Großer Erzähler und Seelentröster: Chris de Burgh

Der 76-jährige Ire bewies in der ausverkauften Philharmonie, dass seine Songs auch nach fünf Jahrzehnten nichts von ihrer Magie verloren haben – auch wenn der „Ferryman“ immer noch als Ohrwurm durch die Köpfe geistert.

Manchmal ist die effektivste Art, Ohrwürmer zu vertreiben, sich den fraglichen Song mit voller Aufmerksamkeit anzuhören. Seit einer Woche quälte mich „Don’t Pay the Ferryman“, warum also nicht Chris de Burgh persönlich zur Heilung aufsuchen? Tatsächlich ist dem irischen Barden, dessen melodischer Folkrock um 1980 im Strom der New-Romantic-Welle Chart-Erfolge feierte, die Rolle des Heilers nie fremd gewesen.

Chris de Burgh solo auf Tournee

Das einzige Problem: In einem Zwei-Stunden-Programm mit über dreißig Titeln aus einer fünfzigjährigen Karriere dauert es hundert Minuten, die auch nicht frei von Ohrwürmern sind, bis der Fährmann ablegt. Wie bereits im vergangenen Jahr als er zuletzt in der Philharmonie gastierte, ist er solo unterwegs und begleitet sich abwechselnd auf einer zwölfseitigen E-Gitarre und einem elektrischen Klavier.

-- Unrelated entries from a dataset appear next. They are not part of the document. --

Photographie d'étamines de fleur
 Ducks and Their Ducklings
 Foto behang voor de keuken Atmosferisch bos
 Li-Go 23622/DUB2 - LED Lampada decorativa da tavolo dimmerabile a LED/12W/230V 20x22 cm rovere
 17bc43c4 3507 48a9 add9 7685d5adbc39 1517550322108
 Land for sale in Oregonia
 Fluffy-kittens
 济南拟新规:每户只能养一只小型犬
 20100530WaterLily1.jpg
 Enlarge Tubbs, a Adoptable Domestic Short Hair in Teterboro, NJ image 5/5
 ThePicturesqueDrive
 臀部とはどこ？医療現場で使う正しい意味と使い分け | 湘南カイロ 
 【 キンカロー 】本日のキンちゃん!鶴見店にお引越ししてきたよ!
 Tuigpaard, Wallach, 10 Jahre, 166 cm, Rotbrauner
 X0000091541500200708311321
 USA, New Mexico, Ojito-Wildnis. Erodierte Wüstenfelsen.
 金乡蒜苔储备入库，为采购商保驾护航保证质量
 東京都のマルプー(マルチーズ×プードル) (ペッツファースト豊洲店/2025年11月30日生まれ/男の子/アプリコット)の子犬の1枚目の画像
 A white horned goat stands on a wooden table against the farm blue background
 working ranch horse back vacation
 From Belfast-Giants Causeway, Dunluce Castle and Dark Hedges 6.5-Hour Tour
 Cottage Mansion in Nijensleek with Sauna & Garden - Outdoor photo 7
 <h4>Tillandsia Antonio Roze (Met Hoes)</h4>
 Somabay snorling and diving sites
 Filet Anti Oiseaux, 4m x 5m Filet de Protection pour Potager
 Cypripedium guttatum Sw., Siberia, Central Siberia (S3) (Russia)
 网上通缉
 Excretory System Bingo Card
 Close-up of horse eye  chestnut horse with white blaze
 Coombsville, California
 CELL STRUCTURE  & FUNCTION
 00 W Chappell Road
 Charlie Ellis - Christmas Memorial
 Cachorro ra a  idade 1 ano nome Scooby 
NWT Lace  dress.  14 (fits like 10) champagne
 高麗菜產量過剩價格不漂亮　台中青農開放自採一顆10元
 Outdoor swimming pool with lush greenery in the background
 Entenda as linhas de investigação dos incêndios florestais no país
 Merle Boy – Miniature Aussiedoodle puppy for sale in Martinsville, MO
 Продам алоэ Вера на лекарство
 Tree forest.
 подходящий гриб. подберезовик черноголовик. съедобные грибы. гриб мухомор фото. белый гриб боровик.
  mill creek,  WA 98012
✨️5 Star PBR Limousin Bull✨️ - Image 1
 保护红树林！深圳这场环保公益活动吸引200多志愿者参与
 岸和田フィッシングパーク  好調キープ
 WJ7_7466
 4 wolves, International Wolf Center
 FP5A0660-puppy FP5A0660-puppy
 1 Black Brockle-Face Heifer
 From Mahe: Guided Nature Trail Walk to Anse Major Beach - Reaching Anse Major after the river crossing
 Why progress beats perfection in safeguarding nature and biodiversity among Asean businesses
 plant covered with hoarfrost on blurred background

Den „Ferryman“ peitscht er mit fetzenden Gitarrenakkorden zum Chorgesang des Publikums über die Wellen, bis dessen eigentliches Ziel, der Hades, in der 80er-Jahre-Party gründlich vergessen ist. So wird man einen Ohrwurm auf keinen Fall los.

Chris de Burgh: Ein Bindeglied zu Donovan

Als ich Chris de Burgh damals als Teenager entdeckte, war er für mich ein Bindeglied zu Donovans Folk-Songs, die ich auf der Gitarre übte und dem Rock in den Charts.

Später verblasste sein Name gegenüber weniger kommerzieller Song-Poesie wie der seines Studienkollegen Nick Drake, der es einst abgelehnt hatte, ihn in seine erste Jazz-Band aufzunehmen. Nicht nur ich kehre hier an Wurzeln zurück. Da ist auch der bekannte Kölner Punkrocker, der anonym bleiben will, aber sich am Ende ein de-Burgh-T-Shirt kauft.

Vielfalt in Chris de Burghs Repertoire

Manchmal erinnert dieser Song-Erzähler an französische Chansonniers. Ob die Lieder nun aus der Ritterwelt erzählten – das neueste Werk, „Robin Hood“, knüpft da an sein erstes Album an - oder vom reisenden „Spaceman“; stets sind sie „High on Emotion“.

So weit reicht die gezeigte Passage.